AAII Sentiment Survey (courtesy of AAII.com, figures rounded)
Recent trends getting stronger…is that a downturn confirmation?
This latest survey indicates that individual investors are truly conflicted. It really is the ultimate Neutral stance...50% neutral, and 25% each for bullish and bearish. Wow. Something has to give and I suspect that we will start to see the bearish figure rise. By the way, this makes seven straight weeks that the percentage of neutral investors has been above 45%, with the actual number, 49.8% at a crazy figure.
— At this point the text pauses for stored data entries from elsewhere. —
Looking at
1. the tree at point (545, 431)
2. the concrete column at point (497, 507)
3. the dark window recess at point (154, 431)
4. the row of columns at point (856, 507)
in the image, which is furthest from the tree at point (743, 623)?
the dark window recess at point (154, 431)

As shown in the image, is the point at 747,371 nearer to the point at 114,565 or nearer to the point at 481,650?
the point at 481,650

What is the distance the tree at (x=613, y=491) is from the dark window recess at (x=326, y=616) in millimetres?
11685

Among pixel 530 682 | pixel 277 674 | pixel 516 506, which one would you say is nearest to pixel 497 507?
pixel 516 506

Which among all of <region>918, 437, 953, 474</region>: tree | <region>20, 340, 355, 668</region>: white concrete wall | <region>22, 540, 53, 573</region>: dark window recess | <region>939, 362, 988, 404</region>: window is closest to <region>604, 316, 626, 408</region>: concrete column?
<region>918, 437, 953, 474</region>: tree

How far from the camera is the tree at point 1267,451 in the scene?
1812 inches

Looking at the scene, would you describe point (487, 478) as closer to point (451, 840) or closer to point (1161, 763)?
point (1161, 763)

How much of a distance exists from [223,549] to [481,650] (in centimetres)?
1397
Important: This week’s TickerSense Blogger Sentiment Poll shows 25% bullish, 33% bearish and 42% neutral. I suspect that this poll is more of a leading indicator than AAII.
Stats and Thoughts
Lipper Fund Flows Survey (courtesy of Lipper.com)
(as of 5/20/15)
Here we go again...all Equity funds reported net outflows totaling $0.7 billion, with Domestic Equity funds reporting net outflows of $1.7 billion and Non-Domestic Equity funds reporting net inflows of $1.1 billion. Inflows abroad were higher than the week before but domestic outflows were lower, likely due to the extended holiday weekend. I sense we are nearing a “capitulation” stage with outflows which could spark selling.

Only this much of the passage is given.